"They don't hear, they are jolly busy. Oh, I say!"
This last "I say" was caused by a new movement on the part of the lynx. It was very hungry, and had no intention of letting that rabbit be eaten by a mere wild cat if anything could be gained by interfering! Evidently it ran or jumped from the rock top to the snow barrier, for the two malevolent green eyes suddenly glared palely from the bank. Then Nell saw the dark crouching shape run round on to the upturned sled. She was sure now it was a lynx, she could distinguish the heavy, powerful hind legs and the bob tail, then in a moment, right across the faint glow of the fire, the flat, wicked face with the tufted ears laid back.
But the great wild cat held on to the rabbit. There was no time to eat, but it would not run, as, of course, the lynx expected. They are terrible creatures and will fight almost anything that does fight in the forest. Their teeth, and the knife-like talons on their powerful hind legs make them dangerous everywhere. Nell wished the cat would run and be done with it all. She put out her hand to the wood pile, meaning to throw some sticks on the fire that glowed dully between them and these dangerous neighbours, when David saw what she intended and urged her not to.
"Don't, Nell, it'll send them off with one jump. Do let's see what they'll do!"
"But, Da----"
"Oh, I know they are awful brutes, but we've never had a chance of seeing a catamount stand up to a lynx. Do wait!"
Nell gave in. All the same, she was not sure it was wise, and she kept a bunch of sticks in her hand ready to beat on the smoulder of the fire with them and so drive about a shower of sparks, supposing the fighters became too unpleasant.

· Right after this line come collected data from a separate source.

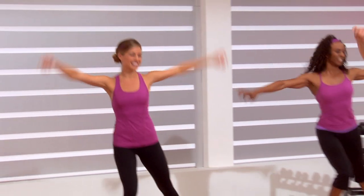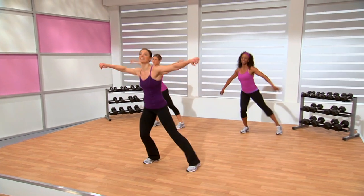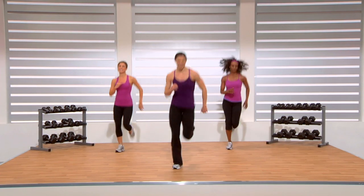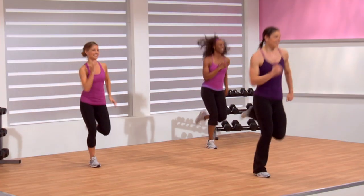Keep that core tight. Stand up tall. Keep smiling. Stay focused. Remember why you're doing this — you're doing this because you want to increase your metabolism, you want to look and feel the best you can. If the jogs are even too intense, bring it back to a march. There's always ways to modify to suit your knees, to suit your level.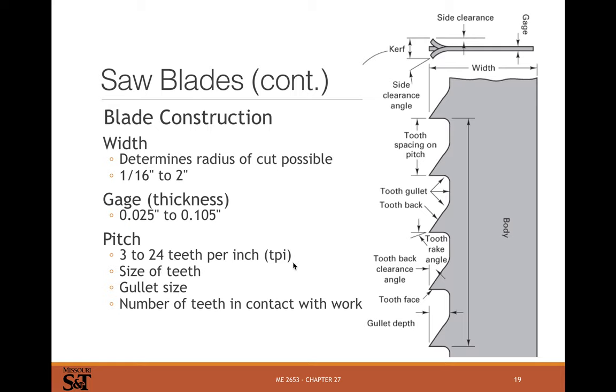Pitch ranges from three to twenty-four teeth per inch, and it determines tooth size — lower pitch means fewer teeth per inch and bigger teeth, which also changes gullet size and how many teeth are in contact at once. For harder materials like steel you use a higher pitch blade; for wood or aluminum you can use a lower pitch. If you try to cut steel with a very low tooth-per-inch blade, bad things happen — you'll break teeth off or just stop your saw. Right size and right pitch for the material is important.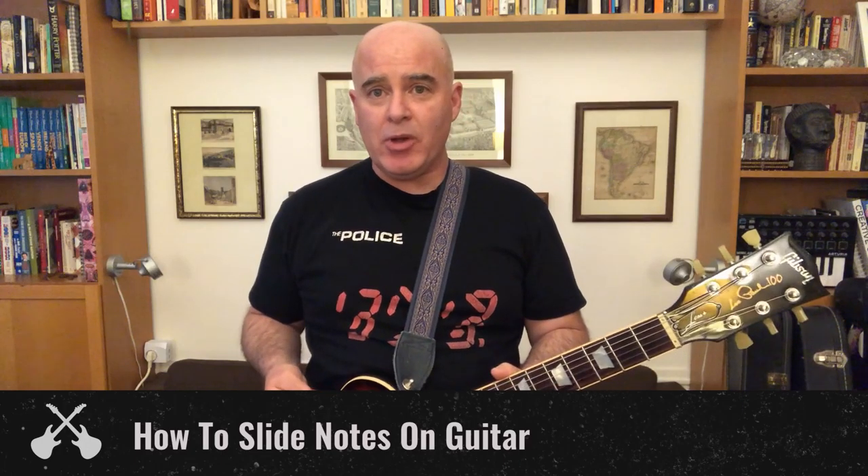Sliding is a lot like hammer-ons and pull-offs, which we talked about last week, in that it's something that's easy to do, but you can add a lot of interest and musicality to your solos and riffs. Think of all these things as seasonings and spices you have in the kitchen — you put them in the sauce, the sauce tastes better.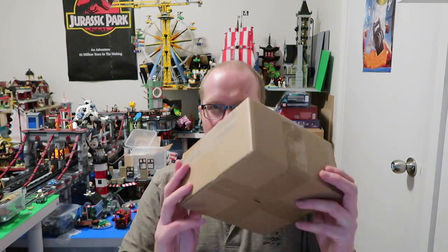G'day guys, welcome to my Lego channel where today I'm gonna do a video about a brown box. Thought I'd branch out - thought yeah, Lego maybe a bit overrated, I'll do the brown box. No, seriously, I know I haven't done many videos recently, and here I am doing a non-Lego video, but I wanted to share this because this is really cool.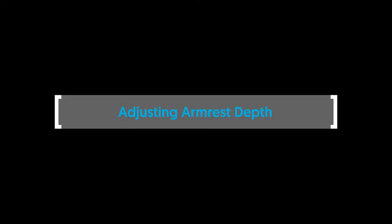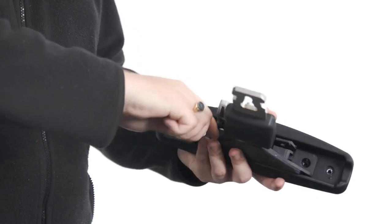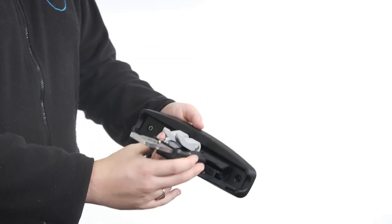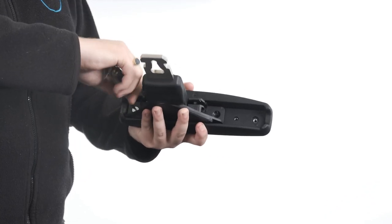Adjusting armrest depth. To adjust the armrest depth, remove the bolts to separate the PU pad from the platework. Reposition the pad in one of the three positions and insert the bolts. Tighten the bolts to secure in place.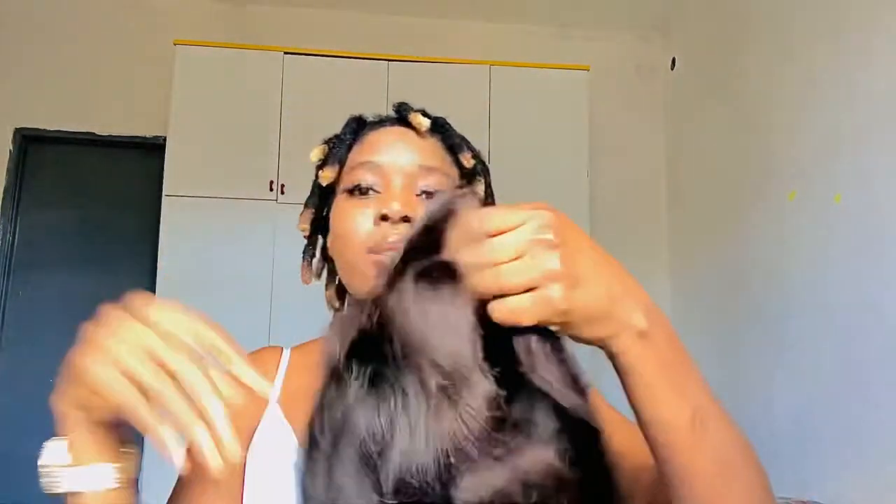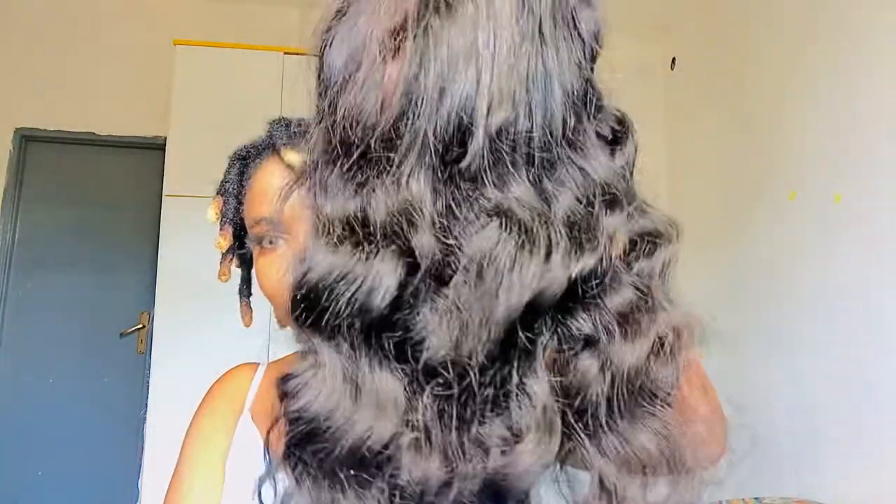I already opened it before but I haven't done anything to it, so this is how it came. This is a 20-inch human hair, as you can see. And this is the frontal — it is not a full lace frontal, guys.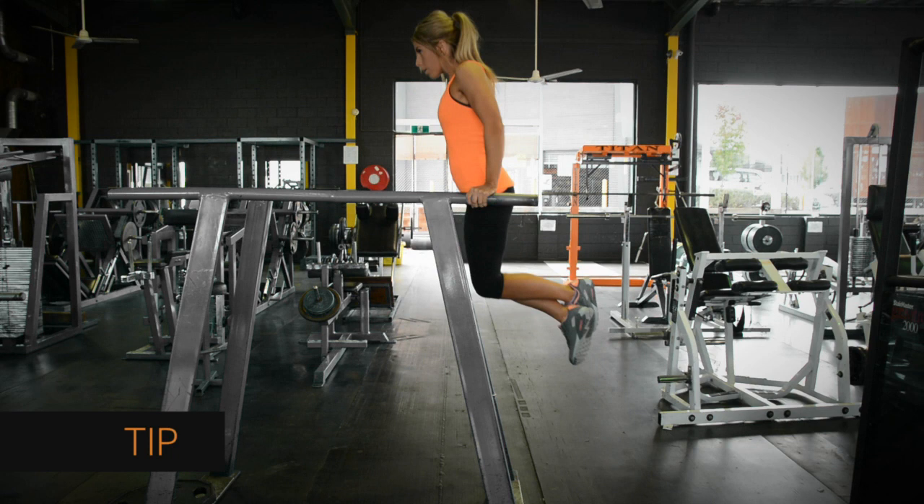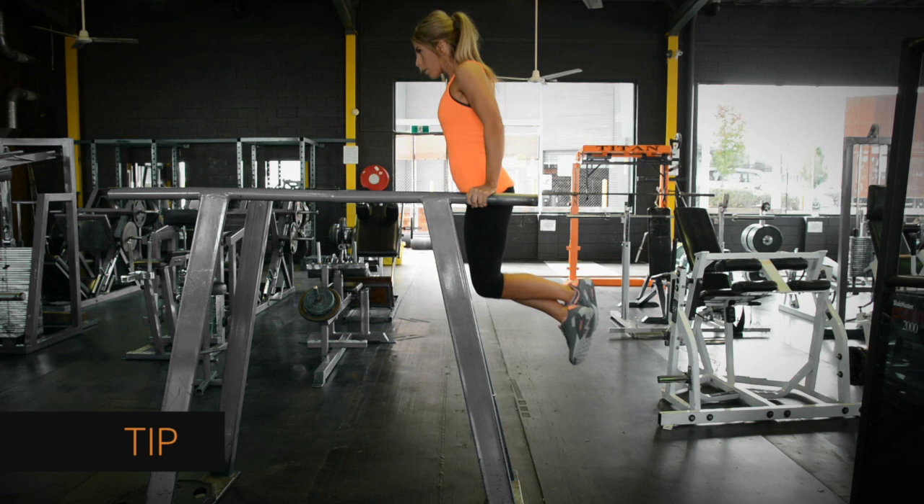Try to avoid swinging. You want to get a good motion that is in control the whole way.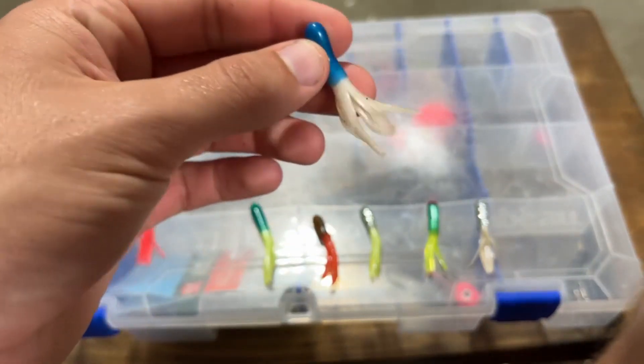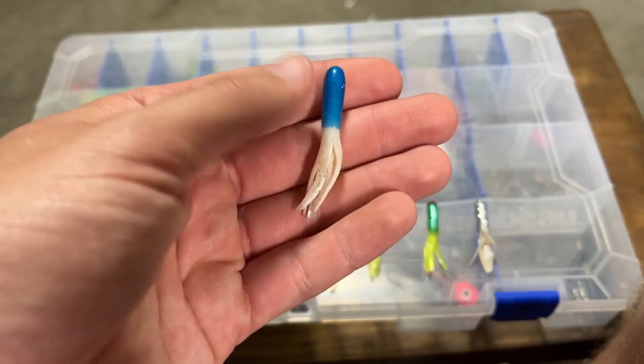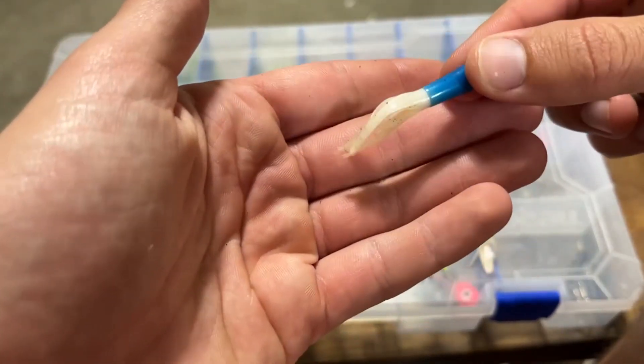After a year of testing the product, it continues to impress me. I think it has great durability — as you can see, nothing really wrong with it. I probably have about six more of these still.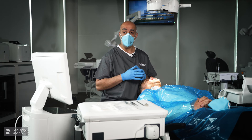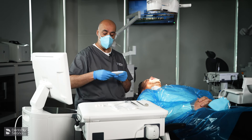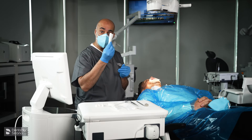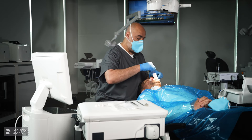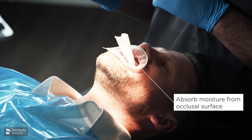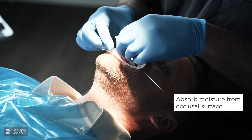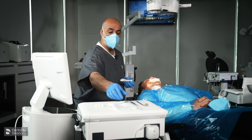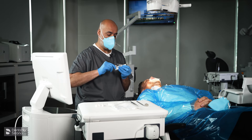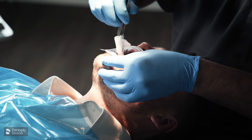We need to dry the teeth now. I don't use a three-in-one because I don't want to generate any aerosol, so I will simply fold some tissue. You can either just drop it into the patient and ask them to bite — open nice and wide and bite together — and that will start to absorb some of the moisture over the teeth. You can also use Miller's forceps, simply attach the tissue to that so it becomes one piece, and you can do it on both sides.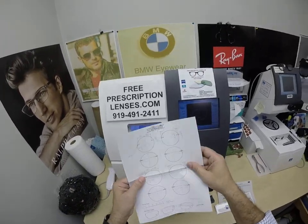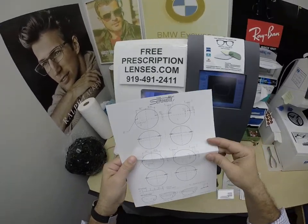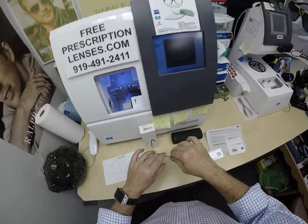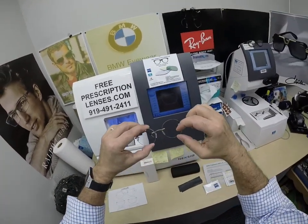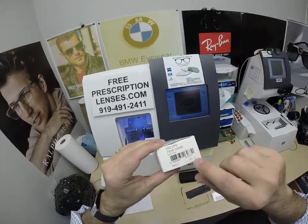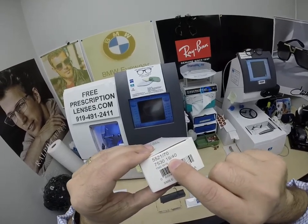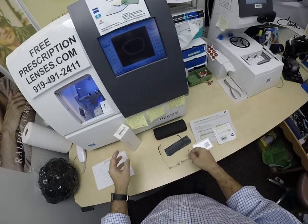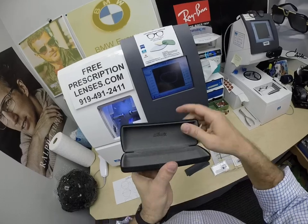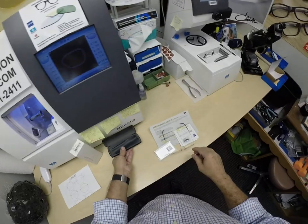This comes in two sizes, 47 and 49 eye size. I can make it a 45 or a 51, or any size you want — I can change the width and depth. The model number is 5521, color 7530, which is the gold. It has a 19 bridge and 140 temple length. Silhouette comes with the hard shell case and a silhouette cleaning cloth inside.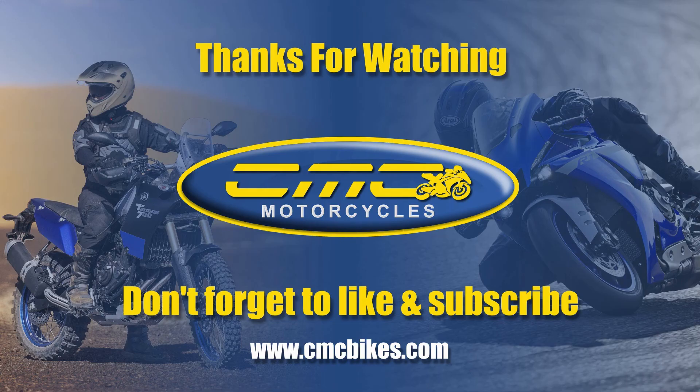As soon as we find out more information on the Yamaha EMTB we'll let you know, as details are very vague at the moment from Yamaha. We're hoping at the Motorcycle Show we'll get more information and pricing on the bike. If you haven't ridden an e-bike before, I would definitely recommend it.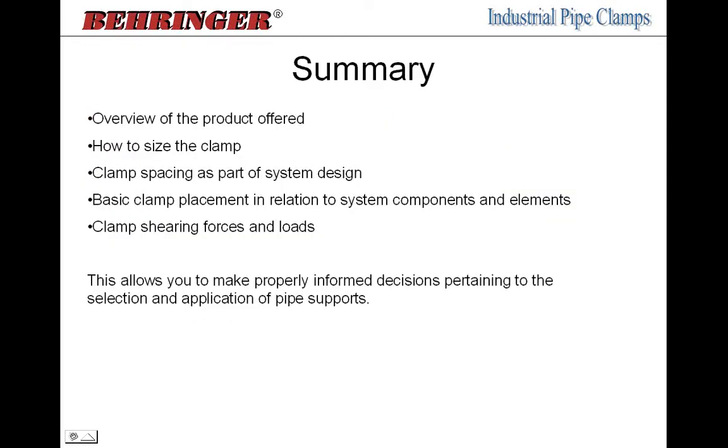That covers everything you need to select, size, and properly apply a pipe clamp — determining hardware types, series, and how to help customers understand where to place clamps, how to size them, and what loads and vibration they can handle. Everything we've covered gives you the knowledge to make informed decisions pertaining to selection and application of our pipe clamps.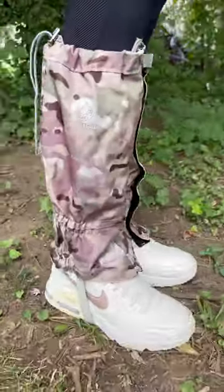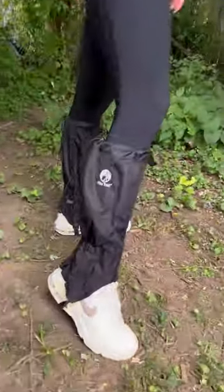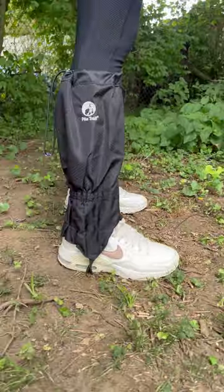In addition to protecting your feet, ankles, and legs, they also keep ticks, sticks, briars, rocks, and snow out of your shoes and off your pants.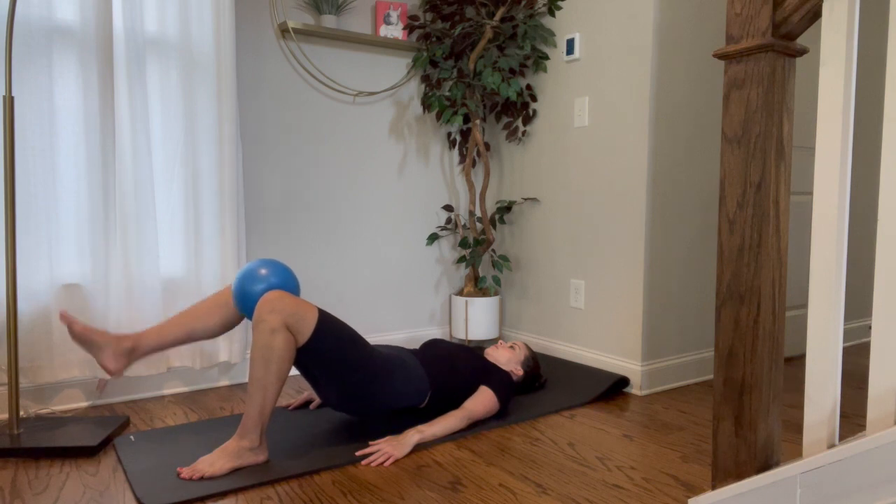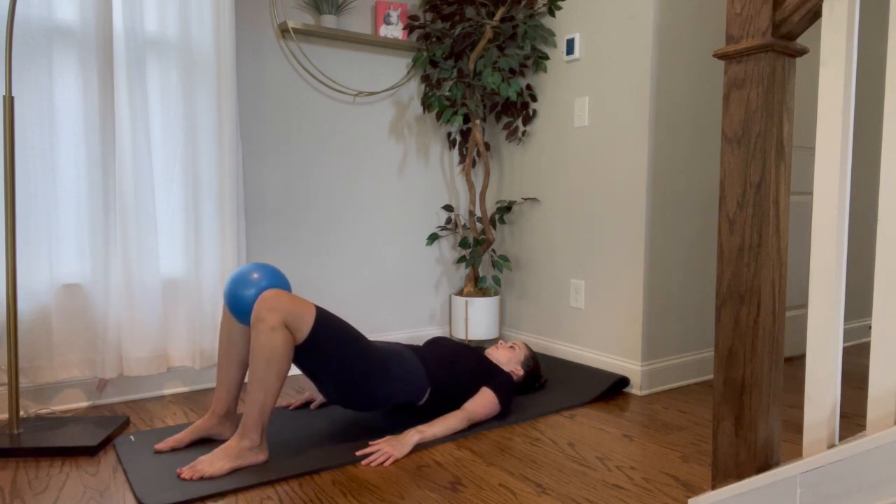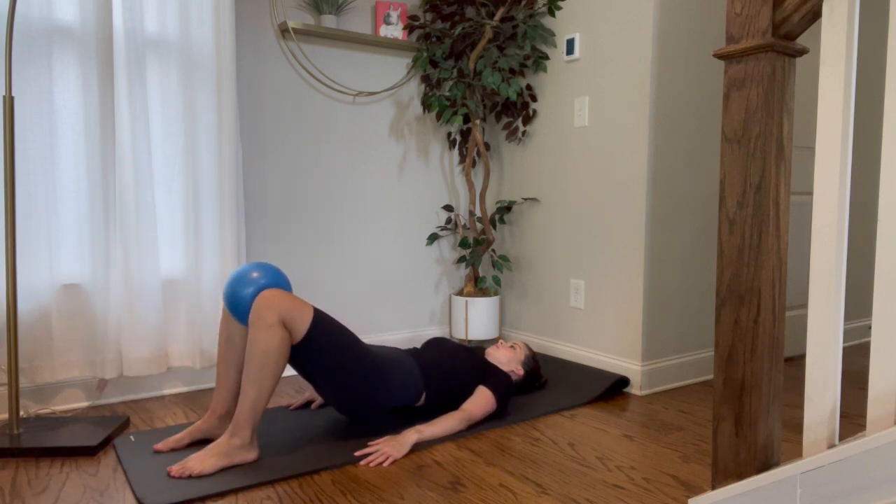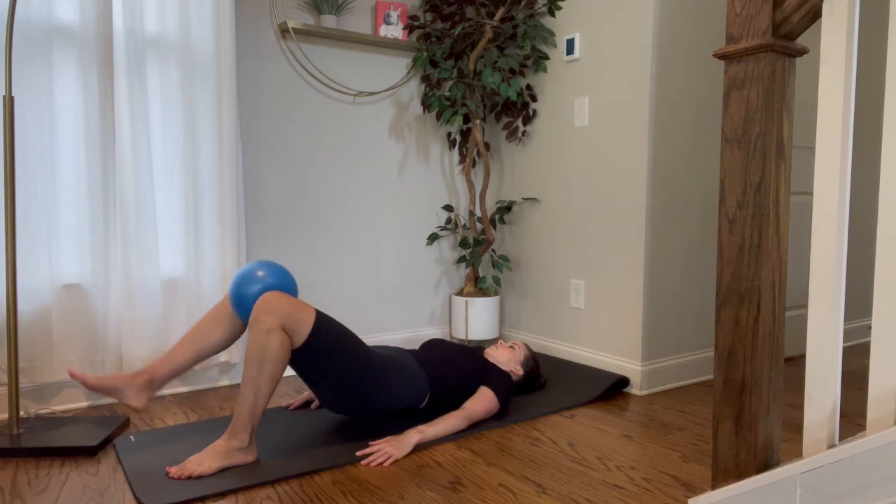You want to keep that pelvic floor lifted, that core engaged, so you're breathing under a slight brace and you're also engaging that ball by squeezing a little bit harder. It's going to help you not rock as much.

Robin was uneasy, but he remained as before, just watchful. Both Nell and David knew that he would fight a wolf, but not a lynx--not if he could possibly get out of it, anyway.
The wild cat was drawn up into a hoop, looking like a picture of a huge witch cat. It was a picture, too, of rage indescribable, one paw holding down the rabbit, one lifted, as it screeched at the crouching lynx on the top of the sled. Every tooth in its stretched, open mouth was bare, and its ears lay flat and close. The face of the lynx was like a wicked mask in front of its hunched-up body.
Then, in a second the suspense was over, and the noise that followed was like nothing Nell had ever heard in all her years of forest life. The silence of the woods seemed to be split and shaken by the hideous yowls and screeches of the furious beasts as they struggled for a mastery. Most people have heard two cats fight. If that can be imagined at least twenty times worse, and in the profound stillness of winter night in a snow-laden forest, that is what the girl and boy heard.